Si la loyauté de M. Bedard semble déplaire à M. Papineau, sa logique, ou son bon sens politique, ne lui plaît pas davantage. Il se montre d’abord étonné que M. Bedard trouve notre constitution bonne, modelée sur celle de l’Angleterre, sans craindre d’étonner lui-même tout le monde, en la voulant faire passer pour mauvaise et très mauvaise, après l’avoir proclamée heureuse et excellente deux fois au moins solennellement, et cela du ton le plus enthousiaste et le plus tranchant. « Cette constitution, continue-t-il, peut être bonne pour un état indépendant, mais non pour une colonie.

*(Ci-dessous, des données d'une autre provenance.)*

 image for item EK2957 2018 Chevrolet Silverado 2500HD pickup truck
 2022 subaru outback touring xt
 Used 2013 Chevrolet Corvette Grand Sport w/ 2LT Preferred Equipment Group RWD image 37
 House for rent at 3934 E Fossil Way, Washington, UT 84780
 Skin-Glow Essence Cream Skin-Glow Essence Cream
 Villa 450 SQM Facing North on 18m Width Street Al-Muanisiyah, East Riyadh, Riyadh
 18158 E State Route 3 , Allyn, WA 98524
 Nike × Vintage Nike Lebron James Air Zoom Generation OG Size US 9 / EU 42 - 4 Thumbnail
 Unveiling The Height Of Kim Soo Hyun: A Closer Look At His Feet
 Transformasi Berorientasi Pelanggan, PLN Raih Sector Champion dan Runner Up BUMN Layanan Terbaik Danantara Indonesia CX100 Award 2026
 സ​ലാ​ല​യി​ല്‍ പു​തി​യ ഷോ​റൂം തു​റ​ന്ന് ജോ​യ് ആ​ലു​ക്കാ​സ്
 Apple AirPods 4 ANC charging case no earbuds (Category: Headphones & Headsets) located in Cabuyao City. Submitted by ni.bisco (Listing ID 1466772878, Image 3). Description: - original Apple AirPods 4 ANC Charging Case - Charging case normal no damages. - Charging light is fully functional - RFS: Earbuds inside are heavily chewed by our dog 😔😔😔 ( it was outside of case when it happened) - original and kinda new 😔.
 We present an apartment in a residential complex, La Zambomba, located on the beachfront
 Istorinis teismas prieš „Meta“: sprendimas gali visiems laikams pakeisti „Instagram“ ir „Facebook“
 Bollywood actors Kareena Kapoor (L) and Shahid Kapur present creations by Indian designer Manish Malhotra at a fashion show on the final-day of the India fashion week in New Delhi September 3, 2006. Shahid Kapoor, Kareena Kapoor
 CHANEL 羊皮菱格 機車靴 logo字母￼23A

L’idée d’avoir voulu créer une aristocratie au milieu des forêts[1] ; de pressurer une population pauvre pour faire nager dans le luxe quelques hommes[2] dans un pays nouveau[3], dont les ressources sont si peu développées, est une idée bizarre… Ici, où le conseil législatif dépend des faveurs de la couronne, est composé d’une aristocratie mendiante, c’est un fatal essai

  1. L’Angleterre n’a pas créé une aristocratie dans ce pays ; elle en a trouvé une toute créée, non au milieu des forêts, mais dans des châteaux, ou des manoirs seigneuriaux.
  2. Les conseillers législatifs ne recevaient pas comme tels un seul denier du trésor public.
  3. La colonie comptait alors plus de cent quatre-vingts ans d’existence.